Fact Check: Labor says wages fell 2.1 per cent over the year to June 2021, the 'fastest drop in 20 years'. Is that correct?
Wages growth in Australia has been sluggish for years, well before the coronavirus pandemic hit the economy.
In a Facebook post, Federal Labor claimed that "under Scott Morrison real wages have fallen 2.1 per cent in 12 months, the fastest drop in wages in 20 years".
Real wages — that is, wages adjusted for inflation — were 2.1 per cent lower in the June quarter of 2021 compared to the June quarter of 2020, when calculated using headline figures for the consumer price index and the wage price index, both published by the Australian Bureau of Statistics (ABS).
This was indeed the sharpest annual fall recorded since June 2001, when real wages plunged 2.3 per cent following the introduction of the GST.
However, the steep decline in real wages over the year reflected the inflationary effect of two unusually large and temporary price increases, both reversing sharp declines a year earlier.
First, the cost of childcare returned to normal levels after a key pandemic response introduced in the June quarter of 2020 — free childcare — ended.
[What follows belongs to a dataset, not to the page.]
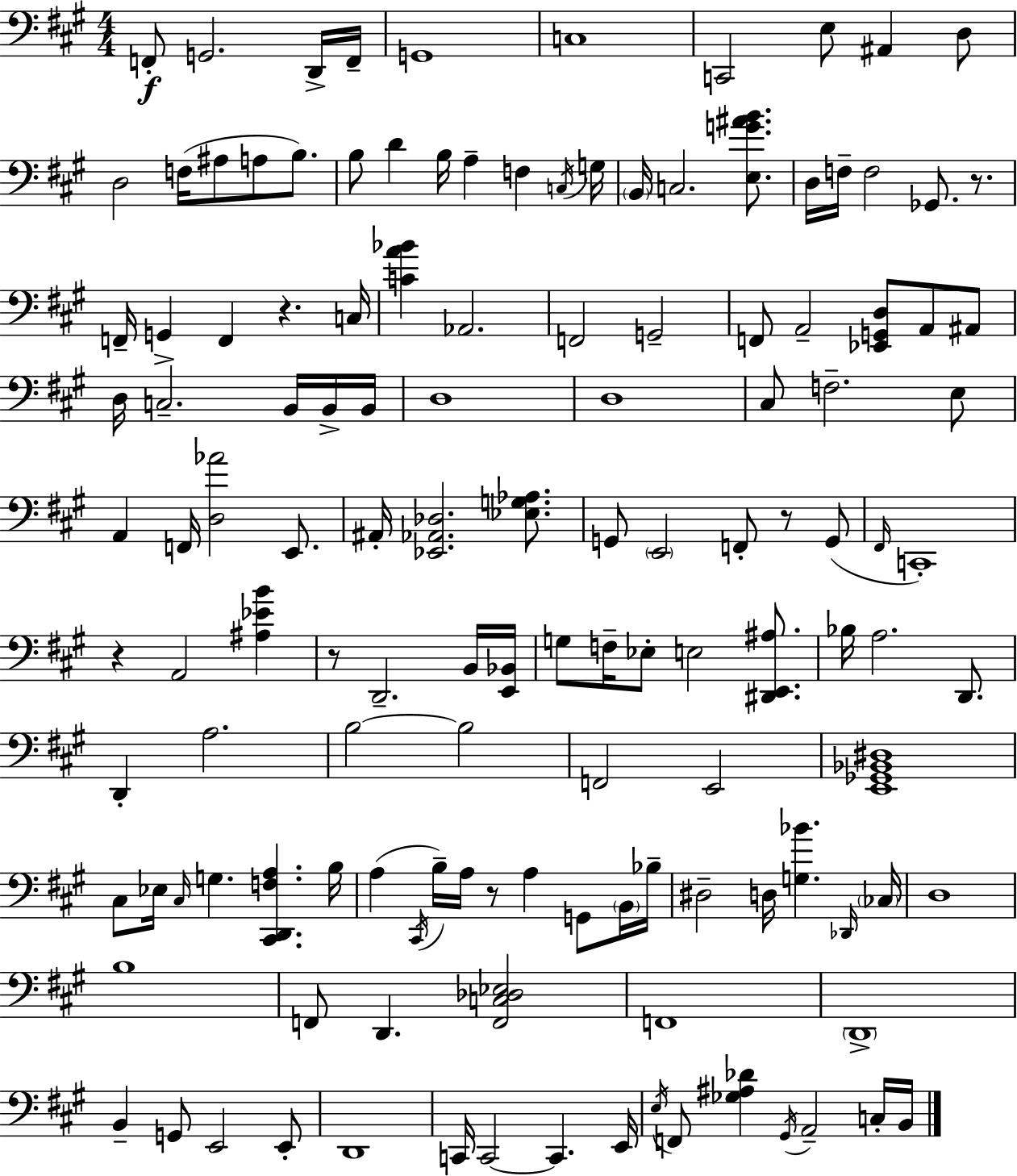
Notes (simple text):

F2/e G2/h. D2/s F2/s G2/w C3/w C2/h E3/e A#2/q D3/e D3/h F3/s A#3/e A3/e B3/e. B3/e D4/q B3/s A3/q F3/q C3/s G3/s B2/s C3/h. [E3,G4,A#4,B4]/e. D3/s F3/s F3/h Gb2/e. R/e. F2/s G2/q F2/q R/q. C3/s [C4,A4,Bb4]/q Ab2/h. F2/h G2/h F2/e A2/h [Eb2,G2,D3]/e A2/e A#2/e D3/s C3/h. B2/s B2/s B2/s D3/w D3/w C#3/e F3/h. E3/e A2/q F2/s [D3,Ab4]/h E2/e. A#2/s [Eb2,Ab2,Db3]/h. [Eb3,G3,Ab3]/e. G2/e E2/h F2/e R/e G2/e F#2/s C2/w R/q A2/h [A#3,Eb4,B4]/q R/e D2/h. B2/s [E2,Bb2]/s G3/e F3/s Eb3/e E3/h [D#2,E2,A#3]/e. Bb3/s A3/h. D2/e. D2/q A3/h. B3/h B3/h F2/h E2/h [E2,Gb2,Bb2,D#3]/w C#3/e Eb3/s C#3/s G3/q. [C#2,D2,F3,A3]/q. B3/s A3/q C#2/s B3/s A3/s R/e A3/q G2/e B2/s Bb3/s D#3/h D3/s [G3,Bb4]/q. Db2/s CES3/s D3/w B3/w F2/e D2/q. [F2,C3,Db3,Eb3]/h F2/w D2/w B2/q G2/e E2/h E2/e D2/w C2/s C2/h C2/q. E2/s E3/s F2/e [Gb3,A#3,Db4]/q G#2/s A2/h C3/s B2/s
Second, fuel prices roared back from a record pandemic-induced drop that likewise occurred in the June quarter of 2020.
These two large and one-off price movements were significant enough to prompt the ABS to suggest that "underlying" measures of inflation should be considered as an alternative to the headline rate.
In particular, the bureau highlighted its "trimmed mean" inflation estimate, which slices abnormally large price changes from its calculations.
When this measure of inflation is applied, real wages in fact increased very slightly over the full year.